The puck went the other way and was in the BU goal within 10 seconds. Ridderwall scored the power-play goal at 2:53, his second of the season. “We had some bad breaks,” Parker said. “We come down on a breakaway and don’t score, and then they come right back and score. It’s funny how often that happens.”

From there on, it was all BU. Freshman Ryan Santana hit a post at 4:00, and Connolly hit another post at 7:30 when trying to bury a rebound on a power play. Around the 11-minute mark, BU dominated territorially, keeping the puck in the Irish zone for the better part of two minutes.

After going on a power play with 3:24 left, the Terriers pulled Millan in the hopes of sparking of offense. Terrier fans hoping for a championship-game flashback were sorely disappointed, though, and BU was skunked for the first time since a 0-0 tie against Lowell on Feb. 2, 2007.

BU’s sluggish start did not surprise the Terriers coach. “It didn’t surprise because our last two practices after losing a game weren’t very good either,” Parker said. “The way you play is the way you practice, and we weren’t all that jacked up yesterday or the day before. … We are not as determined as we have to be, and we went through a little of this last year, too.”

He also expressed displeasure with how slow his team was with the puck on the power play. On the brighter side, Parker was pleased by the effort of many freshmen and others who played little last year but felt that his upperclassmen generally weren’t what they needed to be.

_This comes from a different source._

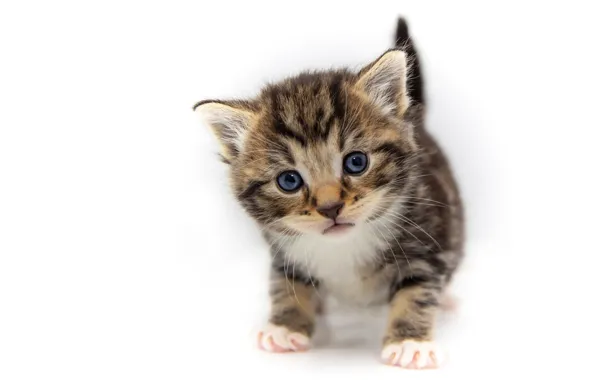 Picture cat, look, baby, white background, kitty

It was obviously a satisfying win for Notre Dame. “I just think we played with a lot more urgency,” Jackson said. “We hadn’t played with urgency in the first four games — maybe a little the second night of both series. Tonight we played with more urgency, and it was good to see. I was hoping that BU would get the best out of us in that regard. We were much more attentive, and we battled a lot harder.”

Notre Dame (3-2-0) hosts Boston College on Friday, while BU (0-2-0) faces another ranked CCHA opponent when No. 5 Michigan comes to town Saturday.